Scraped caption text data
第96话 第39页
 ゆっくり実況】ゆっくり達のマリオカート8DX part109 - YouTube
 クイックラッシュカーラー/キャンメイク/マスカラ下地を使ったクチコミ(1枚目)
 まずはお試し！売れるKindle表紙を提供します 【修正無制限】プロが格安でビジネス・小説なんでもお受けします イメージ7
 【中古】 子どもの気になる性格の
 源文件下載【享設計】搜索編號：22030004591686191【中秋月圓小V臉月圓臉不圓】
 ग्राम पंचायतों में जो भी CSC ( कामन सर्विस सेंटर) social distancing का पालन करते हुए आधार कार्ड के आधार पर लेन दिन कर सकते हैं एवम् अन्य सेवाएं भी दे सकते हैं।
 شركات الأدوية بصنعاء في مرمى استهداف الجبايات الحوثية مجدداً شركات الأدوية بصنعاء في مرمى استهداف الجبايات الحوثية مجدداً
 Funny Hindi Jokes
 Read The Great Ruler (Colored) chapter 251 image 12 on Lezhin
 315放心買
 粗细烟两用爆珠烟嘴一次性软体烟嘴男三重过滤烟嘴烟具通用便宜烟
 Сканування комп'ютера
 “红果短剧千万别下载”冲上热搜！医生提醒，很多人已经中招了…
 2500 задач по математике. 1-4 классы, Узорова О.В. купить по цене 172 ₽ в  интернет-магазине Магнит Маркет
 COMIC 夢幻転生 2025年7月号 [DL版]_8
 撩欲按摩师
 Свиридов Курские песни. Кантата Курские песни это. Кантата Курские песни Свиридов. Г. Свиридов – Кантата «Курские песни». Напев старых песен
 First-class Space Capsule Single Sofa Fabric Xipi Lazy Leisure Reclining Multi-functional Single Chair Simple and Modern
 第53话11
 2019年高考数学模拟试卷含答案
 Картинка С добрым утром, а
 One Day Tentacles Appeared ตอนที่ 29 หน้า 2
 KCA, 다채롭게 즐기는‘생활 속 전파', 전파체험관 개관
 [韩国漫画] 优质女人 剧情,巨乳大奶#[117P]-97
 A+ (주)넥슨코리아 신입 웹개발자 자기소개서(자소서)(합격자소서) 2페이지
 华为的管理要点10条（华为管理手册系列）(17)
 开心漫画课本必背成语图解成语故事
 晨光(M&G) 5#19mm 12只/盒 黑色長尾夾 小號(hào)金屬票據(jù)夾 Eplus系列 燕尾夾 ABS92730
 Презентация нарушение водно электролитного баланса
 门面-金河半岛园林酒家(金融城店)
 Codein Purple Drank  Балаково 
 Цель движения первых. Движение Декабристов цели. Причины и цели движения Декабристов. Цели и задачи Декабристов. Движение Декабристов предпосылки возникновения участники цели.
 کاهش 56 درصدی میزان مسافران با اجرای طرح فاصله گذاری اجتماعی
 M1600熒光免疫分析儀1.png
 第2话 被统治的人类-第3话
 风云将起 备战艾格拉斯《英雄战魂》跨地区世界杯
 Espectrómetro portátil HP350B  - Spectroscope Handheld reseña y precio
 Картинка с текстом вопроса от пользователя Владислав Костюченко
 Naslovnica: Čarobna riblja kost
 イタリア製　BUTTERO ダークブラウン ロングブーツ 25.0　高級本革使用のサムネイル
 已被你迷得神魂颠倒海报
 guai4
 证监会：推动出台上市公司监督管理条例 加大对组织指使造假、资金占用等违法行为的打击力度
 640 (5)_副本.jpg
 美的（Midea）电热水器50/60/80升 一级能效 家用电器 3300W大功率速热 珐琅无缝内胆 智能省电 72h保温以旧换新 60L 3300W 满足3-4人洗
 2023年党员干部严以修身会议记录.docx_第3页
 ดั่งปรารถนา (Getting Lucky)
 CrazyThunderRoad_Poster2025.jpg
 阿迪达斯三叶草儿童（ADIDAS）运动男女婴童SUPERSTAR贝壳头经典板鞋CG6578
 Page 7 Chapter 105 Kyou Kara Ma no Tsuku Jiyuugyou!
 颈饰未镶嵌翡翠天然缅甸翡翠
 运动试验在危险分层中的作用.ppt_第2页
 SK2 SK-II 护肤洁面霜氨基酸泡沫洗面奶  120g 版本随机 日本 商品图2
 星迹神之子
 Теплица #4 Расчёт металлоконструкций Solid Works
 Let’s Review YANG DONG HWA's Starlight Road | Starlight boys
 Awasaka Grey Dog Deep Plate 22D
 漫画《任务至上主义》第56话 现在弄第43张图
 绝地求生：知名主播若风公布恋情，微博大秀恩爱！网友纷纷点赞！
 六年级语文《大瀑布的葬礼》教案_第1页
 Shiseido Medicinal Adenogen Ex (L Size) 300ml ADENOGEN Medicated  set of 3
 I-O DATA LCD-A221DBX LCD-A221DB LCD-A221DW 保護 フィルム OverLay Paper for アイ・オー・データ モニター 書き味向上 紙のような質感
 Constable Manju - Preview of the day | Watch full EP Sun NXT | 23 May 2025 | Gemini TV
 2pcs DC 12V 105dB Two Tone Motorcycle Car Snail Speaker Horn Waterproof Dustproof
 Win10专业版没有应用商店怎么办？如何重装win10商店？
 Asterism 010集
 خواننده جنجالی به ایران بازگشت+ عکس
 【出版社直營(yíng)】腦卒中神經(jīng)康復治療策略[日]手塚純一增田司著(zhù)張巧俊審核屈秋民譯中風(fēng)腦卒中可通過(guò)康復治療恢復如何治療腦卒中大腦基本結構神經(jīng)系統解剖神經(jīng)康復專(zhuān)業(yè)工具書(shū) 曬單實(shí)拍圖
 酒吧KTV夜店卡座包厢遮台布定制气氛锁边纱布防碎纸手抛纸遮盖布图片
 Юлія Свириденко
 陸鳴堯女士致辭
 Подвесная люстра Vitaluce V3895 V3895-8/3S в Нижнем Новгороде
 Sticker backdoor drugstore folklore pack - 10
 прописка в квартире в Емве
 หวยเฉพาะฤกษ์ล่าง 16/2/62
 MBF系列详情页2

== Problem to solve ==
Nothing in the records may be altered; restate them word for word.

== Result below ==
第96话 第39页
 ゆっくり実況】ゆっくり達のマリオカート8DX part109 - YouTube
 クイックラッシュカーラー/キャンメイク/マスカラ下地を使ったクチコミ(1枚目)
 まずはお試し！売れるKindle表紙を提供します 【修正無制限】プロが格安でビジネス・小説なんでもお受けします イメージ7
 【中古】 子どもの気になる性格の
 源文件下載【享設計】搜索編號：22030004591686191【中秋月圓小V臉月圓臉不圓】
 ग्राम पंचायतों में जो भी CSC ( कामन सर्विस सेंटर) social distancing का पालन करते हुए आधार कार्ड के आधार पर लेन दिन कर सकते हैं एवम् अन्य सेवाएं भी दे सकते हैं।
 شركات الأدوية بصنعاء في مرمى استهداف الجبايات الحوثية مجدداً شركات الأدوية بصنعاء في مرمى استهداف الجبايات الحوثية مجدداً
 Funny Hindi Jokes
 Read The Great Ruler (Colored) chapter 251 image 12 on Lezhin
 315放心買
 粗细烟两用爆珠烟嘴一次性软体烟嘴男三重过滤烟嘴烟具通用便宜烟
 Сканування комп'ютера
 “红果短剧千万别下载”冲上热搜！医生提醒，很多人已经中招了…
 2500 задач по математике. 1-4 классы, Узорова О.В. купить по цене 172 ₽ в  интернет-магазине Магнит Маркет
 COMIC 夢幻転生 2025年7月号 [DL版]_8
 撩欲按摩师
 Свиридов Курские песни. Кантата Курские песни это. Кантата Курские песни Свиридов. Г. Свиридов – Кантата «Курские песни». Напев старых песен
 First-class Space Capsule Single Sofa Fabric Xipi Lazy Leisure Reclining Multi-functional Single Chair Simple and Modern
 第53话11
 2019年高考数学模拟试卷含答案
 Картинка С добрым утром, а
 One Day Tentacles Appeared ตอนที่ 29 หน้า 2
 KCA, 다채롭게 즐기는‘생활 속 전파', 전파체험관 개관
 [韩国漫画] 优质女人 剧情,巨乳大奶#[117P]-97
 A+ (주)넥슨코리아 신입 웹개발자 자기소개서(자소서)(합격자소서) 2페이지
 华为的管理要点10条（华为管理手册系列）(17)
 开心漫画课本必背成语图解成语故事
 晨光(M&G) 5#19mm 12只/盒 黑色長尾夾 小號(hào)金屬票據(jù)夾 Eplus系列 燕尾夾 ABS92730
 Презентация нарушение водно электролитного баланса
 门面-金河半岛园林酒家(金融城店)
 Codein Purple Drank  Балаково 
 Цель движения первых. Движение Декабристов цели. Причины и цели движения Декабристов. Цели и задачи Декабристов. Движение Декабристов предпосылки возникновения участники цели.
 کاهش 56 درصدی میزان مسافران با اجرای طرح فاصله گذاری اجتماعی
 M1600熒光免疫分析儀1.png
 第2话 被统治的人类-第3话
 风云将起 备战艾格拉斯《英雄战魂》跨地区世界杯
 Espectrómetro portátil HP350B  - Spectroscope Handheld reseña y precio
 Картинка с текстом вопроса от пользователя Владислав Костюченко
 Naslovnica: Čarobna riblja kost
 イタリア製　BUTTERO ダークブラウン ロングブーツ 25.0　高級本革使用のサムネイル
 已被你迷得神魂颠倒海报
 guai4
 证监会：推动出台上市公司监督管理条例 加大对组织指使造假、资金占用等违法行为的打击力度
 640 (5)_副本.jpg
 美的（Midea）电热水器50/60/80升 一级能效 家用电器 3300W大功率速热 珐琅无缝内胆 智能省电 72h保温以旧换新 60L 3300W 满足3-4人洗
 2023年党员干部严以修身会议记录.docx_第3页
 ดั่งปรารถนา (Getting Lucky)
 CrazyThunderRoad_Poster2025.jpg
 阿迪达斯三叶草儿童（ADIDAS）运动男女婴童SUPERSTAR贝壳头经典板鞋CG6578
 Page 7 Chapter 105 Kyou Kara Ma no Tsuku Jiyuugyou!
 颈饰未镶嵌翡翠天然缅甸翡翠
 运动试验在危险分层中的作用.ppt_第2页
 SK2 SK-II 护肤洁面霜氨基酸泡沫洗面奶  120g 版本随机 日本 商品图2
 星迹神之子
 Теплица #4 Расчёт металлоконструкций Solid Works
 Let’s Review YANG DONG HWA's Starlight Road | Starlight boys
 Awasaka Grey Dog Deep Plate 22D
 漫画《任务至上主义》第56话 现在弄第43张图
 绝地求生：知名主播若风公布恋情，微博大秀恩爱！网友纷纷点赞！
 六年级语文《大瀑布的葬礼》教案_第1页
 Shiseido Medicinal Adenogen Ex (L Size) 300ml ADENOGEN Medicated  set of 3
 I-O DATA LCD-A221DBX LCD-A221DB LCD-A221DW 保護 フィルム OverLay Paper for アイ・オー・データ モニター 書き味向上 紙のような質感
 Constable Manju - Preview of the day | Watch full EP Sun NXT | 23 May 2025 | Gemini TV
 2pcs DC 12V 105dB Two Tone Motorcycle Car Snail Speaker Horn Waterproof Dustproof
 Win10专业版没有应用商店怎么办？如何重装win10商店？
 Asterism 010集
 خواننده جنجالی به ایران بازگشت+ عکس
 【出版社直營(yíng)】腦卒中神經(jīng)康復治療策略[日]手塚純一增田司著(zhù)張巧俊審核屈秋民譯中風(fēng)腦卒中可通過(guò)康復治療恢復如何治療腦卒中大腦基本結構神經(jīng)系統解剖神經(jīng)康復專(zhuān)業(yè)工具書(shū) 曬單實(shí)拍圖
 酒吧KTV夜店卡座包厢遮台布定制气氛锁边纱布防碎纸手抛纸遮盖布图片
 Юлія Свириденко
 陸鳴堯女士致辭
 Подвесная люстра Vitaluce V3895 V3895-8/3S в Нижнем Новгороде
 Sticker backdoor drugstore folklore pack - 10
 прописка в квартире в Емве
 หวยเฉพาะฤกษ์ล่าง 16/2/62
 MBF系列详情页2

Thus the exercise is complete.